## PROBLEM TO SOLVE
Exactly the lines below from the one with "Serviettenringe, Serviettenhalter Elegante" up to and including the one with "2015 Jeep Cherokee Latitude (1C4PJMCBXFW)" make up the answer, with nothing else added.

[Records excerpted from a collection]
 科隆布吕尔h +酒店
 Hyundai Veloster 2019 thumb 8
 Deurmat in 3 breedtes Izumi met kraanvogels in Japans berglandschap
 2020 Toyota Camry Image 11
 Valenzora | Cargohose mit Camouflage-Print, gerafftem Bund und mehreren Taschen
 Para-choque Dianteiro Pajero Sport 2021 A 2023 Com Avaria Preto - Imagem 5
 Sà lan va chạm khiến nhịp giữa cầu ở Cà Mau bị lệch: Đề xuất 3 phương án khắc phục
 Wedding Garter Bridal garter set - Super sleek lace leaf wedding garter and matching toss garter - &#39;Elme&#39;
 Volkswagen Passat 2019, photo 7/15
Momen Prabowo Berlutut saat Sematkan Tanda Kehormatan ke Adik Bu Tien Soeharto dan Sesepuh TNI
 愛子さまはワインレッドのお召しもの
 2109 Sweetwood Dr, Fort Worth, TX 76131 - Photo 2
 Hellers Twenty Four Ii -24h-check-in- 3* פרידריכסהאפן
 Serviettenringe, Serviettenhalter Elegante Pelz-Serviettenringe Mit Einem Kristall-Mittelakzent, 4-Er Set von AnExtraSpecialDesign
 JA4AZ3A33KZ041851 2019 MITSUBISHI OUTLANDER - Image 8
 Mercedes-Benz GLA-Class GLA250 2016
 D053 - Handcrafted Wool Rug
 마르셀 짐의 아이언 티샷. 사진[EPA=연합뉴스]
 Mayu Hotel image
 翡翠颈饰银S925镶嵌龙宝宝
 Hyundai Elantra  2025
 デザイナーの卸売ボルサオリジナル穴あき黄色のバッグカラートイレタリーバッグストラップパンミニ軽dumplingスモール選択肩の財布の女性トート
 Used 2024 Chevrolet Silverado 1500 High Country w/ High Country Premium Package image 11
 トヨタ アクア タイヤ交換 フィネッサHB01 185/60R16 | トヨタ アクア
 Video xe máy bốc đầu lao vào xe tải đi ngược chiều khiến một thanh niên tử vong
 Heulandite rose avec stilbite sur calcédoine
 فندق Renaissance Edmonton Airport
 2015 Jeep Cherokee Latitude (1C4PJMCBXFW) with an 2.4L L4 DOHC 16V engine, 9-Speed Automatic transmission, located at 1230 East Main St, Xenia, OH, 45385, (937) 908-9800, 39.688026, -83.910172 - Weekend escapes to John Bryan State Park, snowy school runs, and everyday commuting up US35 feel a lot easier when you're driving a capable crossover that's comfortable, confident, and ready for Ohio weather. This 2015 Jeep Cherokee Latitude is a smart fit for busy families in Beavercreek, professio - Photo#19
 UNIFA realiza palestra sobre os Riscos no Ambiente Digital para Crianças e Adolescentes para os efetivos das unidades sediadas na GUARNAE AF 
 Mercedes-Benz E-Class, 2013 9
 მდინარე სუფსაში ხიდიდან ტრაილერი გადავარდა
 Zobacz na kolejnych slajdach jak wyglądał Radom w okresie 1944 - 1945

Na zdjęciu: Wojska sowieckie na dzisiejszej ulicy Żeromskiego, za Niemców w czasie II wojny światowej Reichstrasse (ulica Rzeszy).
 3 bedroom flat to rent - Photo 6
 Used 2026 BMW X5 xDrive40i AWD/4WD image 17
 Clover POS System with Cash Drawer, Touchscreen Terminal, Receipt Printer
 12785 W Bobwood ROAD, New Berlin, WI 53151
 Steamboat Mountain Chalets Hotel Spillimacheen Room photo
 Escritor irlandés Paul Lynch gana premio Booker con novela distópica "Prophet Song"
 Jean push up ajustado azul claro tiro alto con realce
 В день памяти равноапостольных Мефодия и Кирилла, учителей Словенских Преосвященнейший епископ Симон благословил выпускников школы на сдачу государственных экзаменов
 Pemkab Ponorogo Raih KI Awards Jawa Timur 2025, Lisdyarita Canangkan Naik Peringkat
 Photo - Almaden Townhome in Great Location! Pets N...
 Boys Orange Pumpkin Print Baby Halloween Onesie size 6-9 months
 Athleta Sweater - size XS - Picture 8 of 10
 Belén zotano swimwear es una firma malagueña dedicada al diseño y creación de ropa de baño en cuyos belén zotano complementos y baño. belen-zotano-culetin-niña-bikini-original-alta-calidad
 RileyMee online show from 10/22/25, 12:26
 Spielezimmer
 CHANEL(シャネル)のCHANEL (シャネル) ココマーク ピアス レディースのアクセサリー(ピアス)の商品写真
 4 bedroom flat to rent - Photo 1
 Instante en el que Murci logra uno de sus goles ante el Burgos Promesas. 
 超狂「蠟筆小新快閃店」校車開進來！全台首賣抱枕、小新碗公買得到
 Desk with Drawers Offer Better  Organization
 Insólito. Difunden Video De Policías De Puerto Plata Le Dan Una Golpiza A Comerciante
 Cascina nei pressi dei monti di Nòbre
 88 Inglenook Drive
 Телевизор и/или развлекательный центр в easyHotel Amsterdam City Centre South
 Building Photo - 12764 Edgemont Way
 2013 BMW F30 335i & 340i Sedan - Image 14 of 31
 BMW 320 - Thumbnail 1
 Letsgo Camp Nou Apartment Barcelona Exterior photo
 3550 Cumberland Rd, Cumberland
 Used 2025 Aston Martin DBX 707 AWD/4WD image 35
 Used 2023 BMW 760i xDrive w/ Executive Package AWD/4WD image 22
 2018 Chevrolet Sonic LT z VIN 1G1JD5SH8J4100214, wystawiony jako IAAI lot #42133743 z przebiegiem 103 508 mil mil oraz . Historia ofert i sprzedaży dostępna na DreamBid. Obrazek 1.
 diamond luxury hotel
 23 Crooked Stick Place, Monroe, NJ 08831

## ANSWER AREA
 Serviettenringe, Serviettenhalter Elegante Pelz-Serviettenringe Mit Einem Kristall-Mittelakzent, 4-Er Set von AnExtraSpecialDesign
 JA4AZ3A33KZ041851 2019 MITSUBISHI OUTLANDER - Image 8
 Mercedes-Benz GLA-Class GLA250 2016
 D053 - Handcrafted Wool Rug
 마르셀 짐의 아이언 티샷. 사진[EPA=연합뉴스]
 Mayu Hotel image
 翡翠颈饰银S925镶嵌龙宝宝
 Hyundai Elantra  2025
 デザイナーの卸売ボルサオリジナル穴あき黄色のバッグカラートイレタリーバッグストラップパンミニ軽dumplingスモール選択肩の財布の女性トート
 Used 2024 Chevrolet Silverado 1500 High Country w/ High Country Premium Package image 11
 トヨタ アクア タイヤ交換 フィネッサHB01 185/60R16 | トヨタ アクア
 Video xe máy bốc đầu lao vào xe tải đi ngược chiều khiến một thanh niên tử vong
 Heulandite rose avec stilbite sur calcédoine
 فندق Renaissance Edmonton Airport
 2015 Jeep Cherokee Latitude (1C4PJMCBXFW) with an 2.4L L4 DOHC 16V engine, 9-Speed Automatic transmission, located at 1230 East Main St, Xenia, OH, 45385, (937) 908-9800, 39.688026, -83.910172 - Weekend escapes to John Bryan State Park, snowy school runs, and everyday commuting up US35 feel a lot easier when you're driving a capable crossover that's comfortable, confident, and ready for Ohio weather. This 2015 Jeep Cherokee Latitude is a smart fit for busy families in Beavercreek, professio - Photo#19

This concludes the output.